(Source records)
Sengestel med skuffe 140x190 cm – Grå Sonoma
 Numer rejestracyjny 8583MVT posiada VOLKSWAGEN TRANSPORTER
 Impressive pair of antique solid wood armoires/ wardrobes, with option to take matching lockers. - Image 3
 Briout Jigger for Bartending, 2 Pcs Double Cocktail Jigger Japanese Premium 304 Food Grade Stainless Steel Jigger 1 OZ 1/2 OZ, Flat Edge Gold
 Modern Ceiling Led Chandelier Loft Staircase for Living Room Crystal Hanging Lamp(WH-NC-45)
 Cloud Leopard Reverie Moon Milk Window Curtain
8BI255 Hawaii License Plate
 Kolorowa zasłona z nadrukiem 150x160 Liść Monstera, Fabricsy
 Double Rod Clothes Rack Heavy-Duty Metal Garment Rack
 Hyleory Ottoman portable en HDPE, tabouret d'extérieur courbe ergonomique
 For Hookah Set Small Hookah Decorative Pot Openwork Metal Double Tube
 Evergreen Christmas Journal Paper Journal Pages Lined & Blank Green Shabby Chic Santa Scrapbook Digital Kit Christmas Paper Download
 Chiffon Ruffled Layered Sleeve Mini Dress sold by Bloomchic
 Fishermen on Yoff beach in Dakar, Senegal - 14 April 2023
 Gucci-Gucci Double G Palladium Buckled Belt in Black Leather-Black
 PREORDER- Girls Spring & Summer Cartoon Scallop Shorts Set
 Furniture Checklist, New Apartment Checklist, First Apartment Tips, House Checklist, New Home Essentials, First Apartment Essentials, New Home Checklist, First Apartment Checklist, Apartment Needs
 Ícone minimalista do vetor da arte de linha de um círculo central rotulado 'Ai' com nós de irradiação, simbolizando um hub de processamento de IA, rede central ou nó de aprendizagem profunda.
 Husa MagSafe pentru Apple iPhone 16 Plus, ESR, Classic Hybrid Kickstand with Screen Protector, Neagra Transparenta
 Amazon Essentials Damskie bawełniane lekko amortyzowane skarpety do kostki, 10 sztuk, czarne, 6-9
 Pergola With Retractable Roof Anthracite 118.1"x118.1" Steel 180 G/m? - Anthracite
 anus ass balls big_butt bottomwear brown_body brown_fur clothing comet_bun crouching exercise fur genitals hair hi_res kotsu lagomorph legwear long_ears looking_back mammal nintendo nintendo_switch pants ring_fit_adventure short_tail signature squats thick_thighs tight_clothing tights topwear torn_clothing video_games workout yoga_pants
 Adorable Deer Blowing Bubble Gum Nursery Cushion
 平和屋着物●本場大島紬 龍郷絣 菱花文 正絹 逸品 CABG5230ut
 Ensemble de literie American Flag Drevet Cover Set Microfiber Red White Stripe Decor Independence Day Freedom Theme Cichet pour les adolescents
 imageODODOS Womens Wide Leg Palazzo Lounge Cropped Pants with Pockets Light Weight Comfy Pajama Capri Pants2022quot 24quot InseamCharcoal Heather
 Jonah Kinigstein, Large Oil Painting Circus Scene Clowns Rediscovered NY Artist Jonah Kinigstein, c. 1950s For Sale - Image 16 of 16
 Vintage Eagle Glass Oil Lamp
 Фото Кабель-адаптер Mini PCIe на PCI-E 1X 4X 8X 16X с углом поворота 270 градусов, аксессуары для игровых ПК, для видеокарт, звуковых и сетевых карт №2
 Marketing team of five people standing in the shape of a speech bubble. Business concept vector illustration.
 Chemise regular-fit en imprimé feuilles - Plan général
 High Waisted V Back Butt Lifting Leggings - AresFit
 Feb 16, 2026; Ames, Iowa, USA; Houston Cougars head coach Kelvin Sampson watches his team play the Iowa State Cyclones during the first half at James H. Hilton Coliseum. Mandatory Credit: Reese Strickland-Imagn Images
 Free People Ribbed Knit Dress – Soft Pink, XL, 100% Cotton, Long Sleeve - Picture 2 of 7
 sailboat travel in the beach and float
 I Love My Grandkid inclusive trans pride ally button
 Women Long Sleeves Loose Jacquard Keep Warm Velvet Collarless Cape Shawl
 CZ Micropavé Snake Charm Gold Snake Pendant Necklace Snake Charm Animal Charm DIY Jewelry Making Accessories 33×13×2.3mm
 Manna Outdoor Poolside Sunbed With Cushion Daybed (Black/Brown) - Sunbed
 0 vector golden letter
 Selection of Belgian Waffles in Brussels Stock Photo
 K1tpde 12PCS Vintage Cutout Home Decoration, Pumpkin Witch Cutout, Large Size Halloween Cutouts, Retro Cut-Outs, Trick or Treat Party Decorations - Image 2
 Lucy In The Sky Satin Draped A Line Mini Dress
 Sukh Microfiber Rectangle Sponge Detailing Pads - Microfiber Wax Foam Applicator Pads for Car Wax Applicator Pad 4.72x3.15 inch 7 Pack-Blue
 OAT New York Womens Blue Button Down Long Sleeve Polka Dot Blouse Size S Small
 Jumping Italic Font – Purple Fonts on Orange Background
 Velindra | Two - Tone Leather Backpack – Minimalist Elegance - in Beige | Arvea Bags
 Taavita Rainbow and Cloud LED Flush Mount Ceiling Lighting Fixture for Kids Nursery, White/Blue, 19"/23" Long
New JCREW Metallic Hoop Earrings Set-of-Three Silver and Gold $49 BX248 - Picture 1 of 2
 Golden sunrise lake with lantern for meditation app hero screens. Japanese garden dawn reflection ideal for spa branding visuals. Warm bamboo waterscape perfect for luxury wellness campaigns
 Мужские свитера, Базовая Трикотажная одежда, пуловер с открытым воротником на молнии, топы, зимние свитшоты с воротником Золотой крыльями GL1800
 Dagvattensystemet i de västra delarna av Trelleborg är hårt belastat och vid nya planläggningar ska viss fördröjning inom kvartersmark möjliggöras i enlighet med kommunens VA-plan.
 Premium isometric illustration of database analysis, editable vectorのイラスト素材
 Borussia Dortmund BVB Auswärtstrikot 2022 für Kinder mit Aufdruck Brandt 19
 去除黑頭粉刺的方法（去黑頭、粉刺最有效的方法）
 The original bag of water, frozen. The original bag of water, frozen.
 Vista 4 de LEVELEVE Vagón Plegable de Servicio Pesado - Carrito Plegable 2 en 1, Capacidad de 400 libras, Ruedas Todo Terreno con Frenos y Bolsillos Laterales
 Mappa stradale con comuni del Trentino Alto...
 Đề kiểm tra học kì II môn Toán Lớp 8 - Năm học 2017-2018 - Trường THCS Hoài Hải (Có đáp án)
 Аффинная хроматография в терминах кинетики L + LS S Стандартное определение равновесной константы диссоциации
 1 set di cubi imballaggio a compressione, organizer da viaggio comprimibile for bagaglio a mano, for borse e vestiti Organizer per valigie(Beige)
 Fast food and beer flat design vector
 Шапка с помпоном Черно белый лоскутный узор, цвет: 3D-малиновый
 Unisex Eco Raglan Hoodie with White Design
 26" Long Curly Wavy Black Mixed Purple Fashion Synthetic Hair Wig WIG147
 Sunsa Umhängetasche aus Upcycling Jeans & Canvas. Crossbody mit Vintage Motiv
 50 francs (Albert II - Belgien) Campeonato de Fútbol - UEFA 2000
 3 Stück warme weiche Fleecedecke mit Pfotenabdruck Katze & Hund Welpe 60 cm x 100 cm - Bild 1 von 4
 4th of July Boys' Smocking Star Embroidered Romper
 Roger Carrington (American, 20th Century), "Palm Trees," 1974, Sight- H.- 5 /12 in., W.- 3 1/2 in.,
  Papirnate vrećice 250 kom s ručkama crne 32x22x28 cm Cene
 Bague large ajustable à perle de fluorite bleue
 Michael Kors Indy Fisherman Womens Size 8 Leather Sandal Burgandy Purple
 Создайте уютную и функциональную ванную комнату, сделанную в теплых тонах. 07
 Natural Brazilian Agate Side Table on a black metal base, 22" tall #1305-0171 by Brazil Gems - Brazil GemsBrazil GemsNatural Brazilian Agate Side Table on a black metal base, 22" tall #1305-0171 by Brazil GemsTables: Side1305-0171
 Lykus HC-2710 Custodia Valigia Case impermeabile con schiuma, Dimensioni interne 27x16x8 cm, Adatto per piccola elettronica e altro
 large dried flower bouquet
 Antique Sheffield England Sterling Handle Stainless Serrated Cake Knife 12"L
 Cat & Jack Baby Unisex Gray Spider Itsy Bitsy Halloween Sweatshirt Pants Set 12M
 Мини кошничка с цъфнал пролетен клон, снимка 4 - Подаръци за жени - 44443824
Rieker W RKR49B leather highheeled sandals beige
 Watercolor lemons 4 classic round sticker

Exercise description –
Above are some records; copy exactly the lines from the one with "anus ass balls" through the one with "sailboat travel in the beach and float", both included, and no others.

Solution for this exercise –
 anus ass balls big_butt bottomwear brown_body brown_fur clothing comet_bun crouching exercise fur genitals hair hi_res kotsu lagomorph legwear long_ears looking_back mammal nintendo nintendo_switch pants ring_fit_adventure short_tail signature squats thick_thighs tight_clothing tights topwear torn_clothing video_games workout yoga_pants
 Adorable Deer Blowing Bubble Gum Nursery Cushion
 平和屋着物●本場大島紬 龍郷絣 菱花文 正絹 逸品 CABG5230ut
 Ensemble de literie American Flag Drevet Cover Set Microfiber Red White Stripe Decor Independence Day Freedom Theme Cichet pour les adolescents
 imageODODOS Womens Wide Leg Palazzo Lounge Cropped Pants with Pockets Light Weight Comfy Pajama Capri Pants2022quot 24quot InseamCharcoal Heather
 Jonah Kinigstein, Large Oil Painting Circus Scene Clowns Rediscovered NY Artist Jonah Kinigstein, c. 1950s For Sale - Image 16 of 16
 Vintage Eagle Glass Oil Lamp
 Фото Кабель-адаптер Mini PCIe на PCI-E 1X 4X 8X 16X с углом поворота 270 градусов, аксессуары для игровых ПК, для видеокарт, звуковых и сетевых карт №2
 Marketing team of five people standing in the shape of a speech bubble. Business concept vector illustration.
 Chemise regular-fit en imprimé feuilles - Plan général
 High Waisted V Back Butt Lifting Leggings - AresFit
 Feb 16, 2026; Ames, Iowa, USA; Houston Cougars head coach Kelvin Sampson watches his team play the Iowa State Cyclones during the first half at James H. Hilton Coliseum. Mandatory Credit: Reese Strickland-Imagn Images
 Free People Ribbed Knit Dress – Soft Pink, XL, 100% Cotton, Long Sleeve - Picture 2 of 7
 sailboat travel in the beach and float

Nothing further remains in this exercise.